10. Governing Law; Submission to Jurisdiction. This Agreement shall be governed by and construed in accordance with the internal laws of the State of New York without giving effect to any choice or conflict of law provision or rule (whether of the State of New York or any other jurisdiction) that would cause the application of laws of any jurisdiction other than those of the State of New York . Any legal suit, action, or proceeding arising out of or based upon this Agreement or the transactions contemplated hereby shall be instituted in the federal courts of the United States of America or the courts of the State of New York in each case located in New York, New York, and each party irrevocably submits to the exclusive jurisdiction of such courts in any such suit, action, or proceeding.

 

11. Further Assurances.

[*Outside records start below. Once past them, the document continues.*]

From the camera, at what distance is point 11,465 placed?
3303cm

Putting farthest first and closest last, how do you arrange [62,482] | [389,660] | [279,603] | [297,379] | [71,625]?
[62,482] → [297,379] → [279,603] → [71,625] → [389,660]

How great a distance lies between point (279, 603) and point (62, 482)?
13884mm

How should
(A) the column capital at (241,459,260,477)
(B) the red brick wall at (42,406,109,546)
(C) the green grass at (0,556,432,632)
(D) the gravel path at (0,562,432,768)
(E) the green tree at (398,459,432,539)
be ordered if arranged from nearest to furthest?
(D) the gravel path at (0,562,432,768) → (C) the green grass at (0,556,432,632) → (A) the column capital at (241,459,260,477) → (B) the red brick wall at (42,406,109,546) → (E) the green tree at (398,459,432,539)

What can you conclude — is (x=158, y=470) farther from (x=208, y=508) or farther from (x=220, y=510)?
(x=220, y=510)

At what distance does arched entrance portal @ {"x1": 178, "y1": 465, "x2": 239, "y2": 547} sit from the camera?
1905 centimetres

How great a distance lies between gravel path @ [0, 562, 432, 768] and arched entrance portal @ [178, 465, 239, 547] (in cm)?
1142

The Parties shall execute and deliver such additional documents, instruments, conveyances, and assurances and take such further action as may be reasonably required to effectuate the transactions contemplated by this Agreement.

 

12. Survival of Representations and Warranties. The representations and warranties contained herein or made in writing by the Parties shall survive the closing for six (6) months.

 

13. Expenses. All costs and expenses incurred in connection with this Agreement and the transactions contemplated hereby shall be borne by the Party incurring such costs and expenses.

 

14. Notices. Any notice or other communication under this Agreement shall be in writing and shall be deemed given if delivered personally or by registered or certified mail, postage prepaid, addressed to the respective parties at the addresses set forth on the signature page hereof (or to such other addresses as shall be specified by two days’ advance written notice to the other party).

 

15. Interpretation; Headings. This Agreement shall be construed without regard to any presumption or rule requiring construction or interpretation against the Party drafting an instrument or causing any instrument to be drafted. The headings in this Agreement are for reference only and shall not by themselves affect the interpretation of this Agreement.

 

16. Severability. The invalidity or unenforceability of any provision of this Agreement shall not affect the validity or enforceability of any other provision of this Agreement, and each provision of this Agreement shall be severable and enforceable to the extent permitted by law.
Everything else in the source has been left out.